Non sto parlando solo di quegli episodi straordinari che si sentono raccontare in cui un animale non si allontana per giorni dal letto del suo compagno umano malato, ma di quei momenti di vita quotidiana, come una passeggiata, in cui anche solo un nostro piccolo aumento d’ansia viene percepito ed immediatamente porta ad un aumento dell’attenzione anche da parte del nostro compagno a 4 zampe.
Non si tratta di poteri soprannaturali, ma di un meccanismo adattativo sviluppatosi nel corso dell’evoluzione fin dall’origine dei cordati, più di 600 milioni di anni fa, chiamato Contagio Emozionale.
Tale meccanismo si trova alla base dei fenomeni Empatici, definito dagli autori Preston e de Waal nel 2002, come un’automatica ed inconscia condivisione emotiva dove non vi è né mediazione cognitiva, né capacità di differenziazione tra la propria emozione e quella altrui. Questa capacità sarebbe andata poi aumentando durante il processo evolutivo.
Il potenziamento delle abilità cognitive ed emotive degli animali ha portato ad un aumento della complessità dei fenomeni Empatici, partendo da fenomeni involontari come il Contagio Emozionale, fino alla capacità di prendere la prospettiva dell’altro e quindi la vera e propria comprensione e immedesimazione nelle emozioni altrui tramite l’immaginazione.
Lo sviluppo delle capacità empatiche durante l’evoluzione ha predisposto gli animali a sentire sulla “propria pelle” lo stato emozionale altrui.
Risulta più semplice comprendere il fenomeno del Contagio Emozionale se pensiamo ad una situazione in cui ci sono molte persone in uno spazio limitato.
Se si scatenasse il panico di massa, tutti scapperebbero senza comprendere cosa stia succedendo e quale sia il pericolo. Una forza ancestrale in quel momento dice solo: “Scappa!”.
Il ruolo adattativo di questo meccanismo per la sopravvivenza è evidente: in realtà il Contagio Emozionale non media solo la paura, ma anche altri stati emozionali come quelli coinvolti nelle cure parentali. Infatti, alcuni autori ipotizzano che le capacità empatiche messe in campo soprattutto nei mammiferi siano state evolutivamente vincenti, le madri più empatiche verso la propria prole comprendevano meglio i bisogni dei piccoli aumentando così le loro chance di sopravvivenza.

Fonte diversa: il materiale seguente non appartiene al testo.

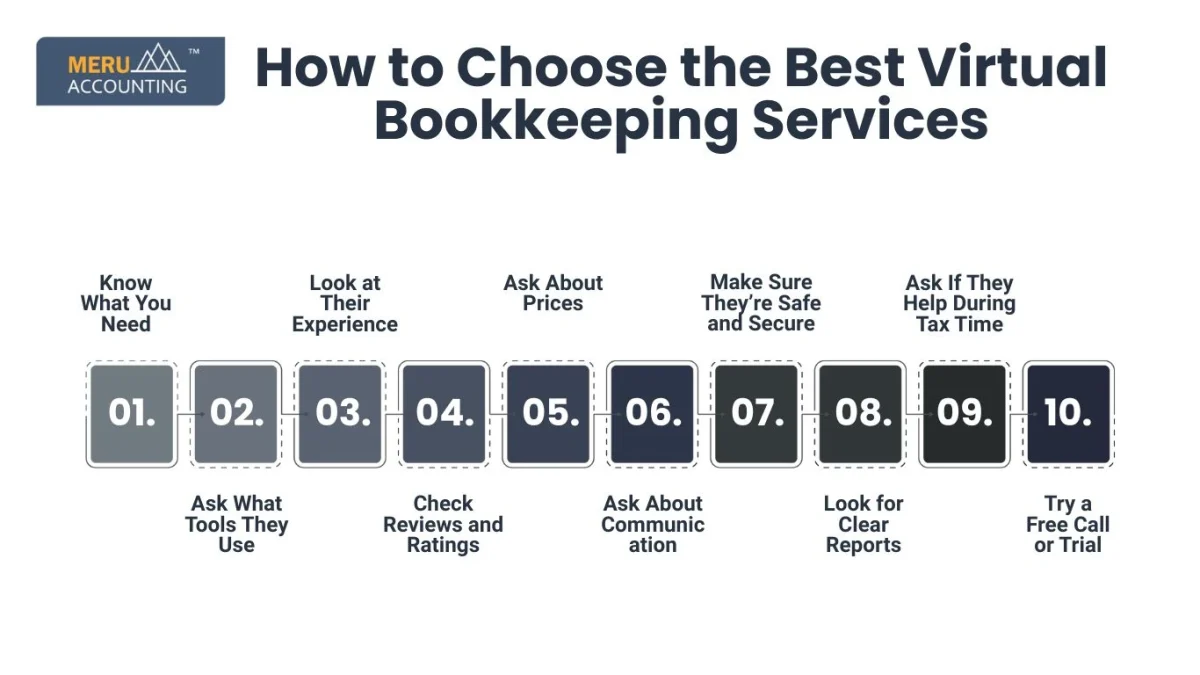 How to Choose the Best Virtual Bookkeeping Services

Consideriamo come esempio il primo caso di domesticazione, quella del cane, in cui due specie (Canis lupus familiaris e Homo sapiens), entrambe mammiferi sociali, hanno alle spalle circa 35.000 anni di coevoluzione.
Si ipotizza che in principio i fenomeni Empatici si esprimessero principalmente in un contesto intraspecifico (lupo-lupo). Successivamente, durante il processo di domesticazione, la loro espressione è iniziata a manifestarsi anche in un contesto eterospecifico (cane-uomo). Questo substrato empatico, alla base della comunicazione tra cane domestico e uomo, permette una maggiore comprensione reciproca, migliorando così la convivenza e la collaborazione tra queste due specie.

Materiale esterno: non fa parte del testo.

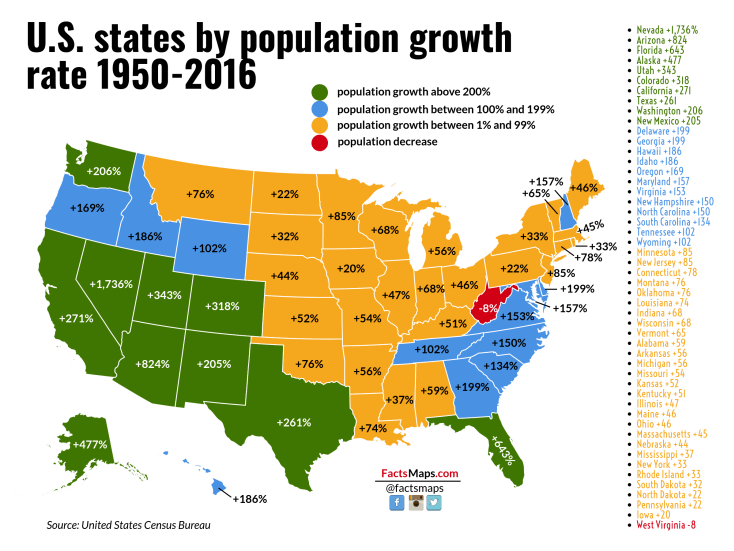 us-states-population-growth-rate.png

Nella vita quotidiana con i nostri animali percepiamo una comprensione che va oltre la comunicazione diretta; un allineamento emozionale dove il nostro stato emotivo influenza il loro e viceversa.
Tutto ciò ha un’origine molto antica. La ricerca di un equilibrio emotivo, oltre a migliorare molti aspetti della nostra vita, migliorerà anche la convivenza con i nostri animali, aiutando noi e loro ad affrontare insieme le sfide che la vita ci propone.